High-availability deployment and best practices for Infrastructure Management

Consult the following topics for information and recommendations on how to deploy and configure Infrastructure Management components to achieve high availability (HA):

TrueSight Infrastructure Management Server HA

HA for the TrueSight Infrastructure Management Server is supported through application-level HA and also through operating system clustering.

Application-level HA

You can configure application-level HA only if you are using an Oracle database. For more information, see Considerations-for-a-high-availability-deployment-of-Infrastructure-Management.

Operating system clustering

You can configure operating system clustering if you are using the embedded SAP SQL Anywhere database. The two servers in the cluster must be configured with shared storage between the two nodes.

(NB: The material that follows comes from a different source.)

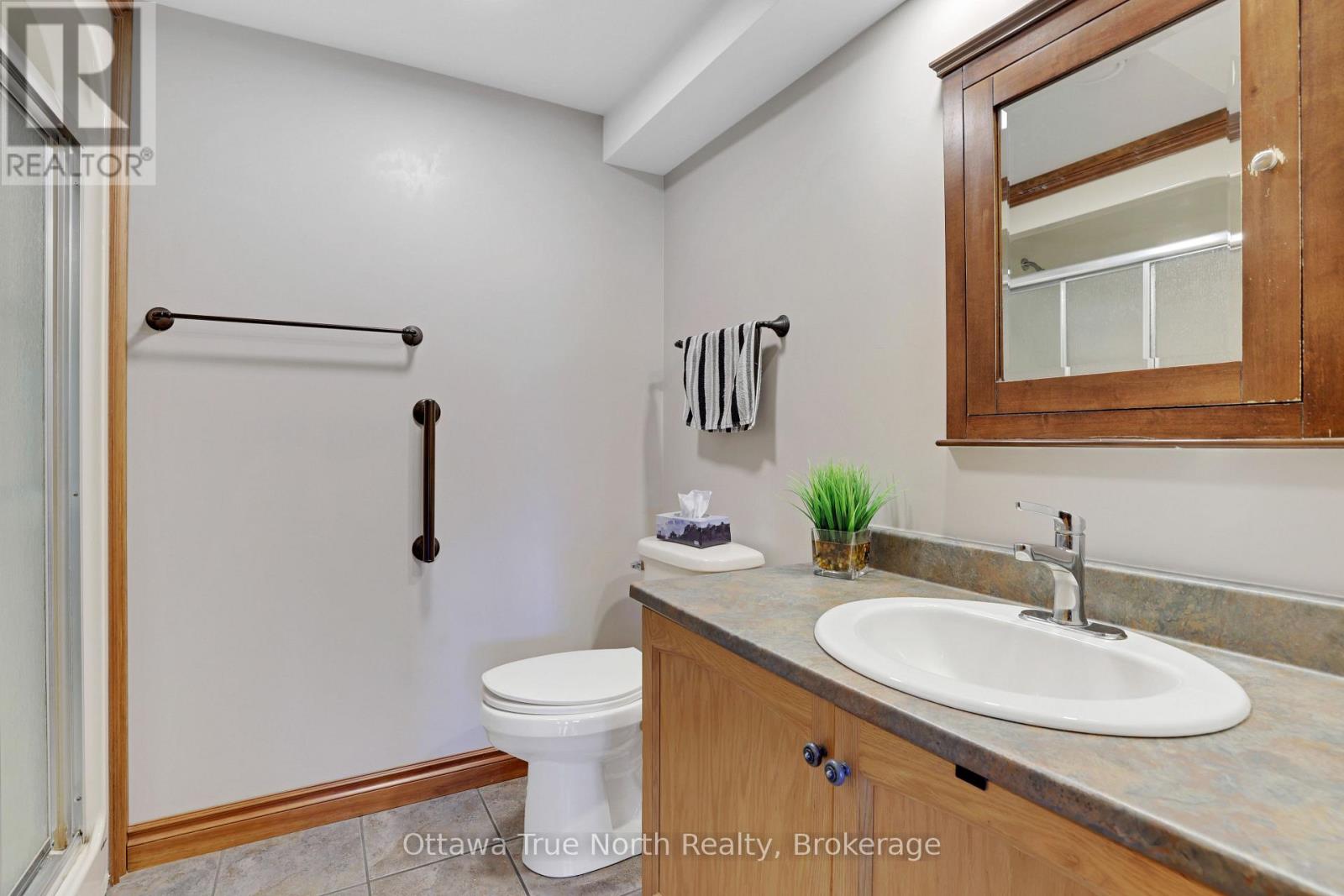 3376 Burnstown Road, Horton, Ontario  K7V 3Z9 - Photo 10 - X12938374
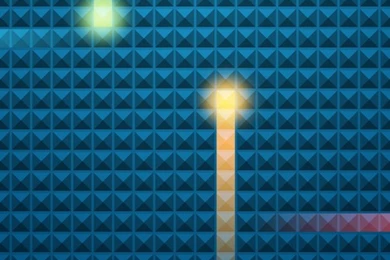 Create A Google Phone Styled Backgrounds In 6 Easy Steps   Vectips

See Installing-Infrastructure-Management-in-high-availability-cluster-mode. BMC recommends leveraging a high speed SAN for storage.

Data collection Integration Services HA

The Integration Service is stateless, which allows the BMC PATROL Agent to automatically send performance data and events to another Integration Service if the primary instance is not available. There is no concern for maintaining monitoring-related configuration at the Integration Service instances because no such configuration exists. Additionally, there is no association between the Integration Service instances and specific PATROL Agents to be maintained or otherwise managed by administrators at the Integration Service nodes.

Infrastructure Management enables you to cluster Integration Service nodes. These Integration Service cluster configurations are simple software settings referenced in policies. The configuration settings for a cluster are stored as a cluster in Central Monitoring Administration. The cluster configurations contain connectivity information in the form of PATROL Agent variables that instruct the agent(s) about how to connect to the first, second, third, and fourth Integration Service nodes that are grouped in the cluster. There is no in-built load balancing with these cluster configurations; however, all the Integration Service instances support active/active HA.

You can include up to four Integration Service nodes in a single cluster. BMC recommends referencing clusters in staging policies only.

PATROL Agents attempt to connect to the list of Integration Services in the cluster, in the order that the Integration Services are listed. When an agent loses connection to the first Integration Service instance, it automatically connects to the second instance in the list. When the first Integration Service is once again available for connection, the agent does not automatically connected back to the first instance. It remains connect to the instance it is currently and successfully connected to.

Multiple Integration Service instances can run behind a load balancer. This means that a third-party load balancer can be placed between PATROL Agents and the Integration Services to support full active/active HA fault tolerance and true load balancing of event and performance data across multiple Integration Service processes running on different hosts. Generally, in large environments, BMC recommends leveraging load balancers as a best practice. This is, however, a recommendation, not a requirement. It basically ensures that the Integration Service tier is not overloaded if or when there is an event storm or an interruption in communication between the agents and the Integration Service nodes causing a flood of cached data to be sent to the Infrastructure Management Servers through the Integration Service nodes.

Best practice

Consider high availability (HA) as part of the Integration Service node deployment.

If you plan to deploy the Integration Service on a VMware virtual machine (VM), you can utilize VMware HA. Utilizing VMware HA simplifies administration because it is transparent to the PATROL Agents (the connections for both the performance metrics and events automatically reconnect when the VM is restarted). For further information, see Considerations-for-deploying-Infrastructure-Management-on-a-VM.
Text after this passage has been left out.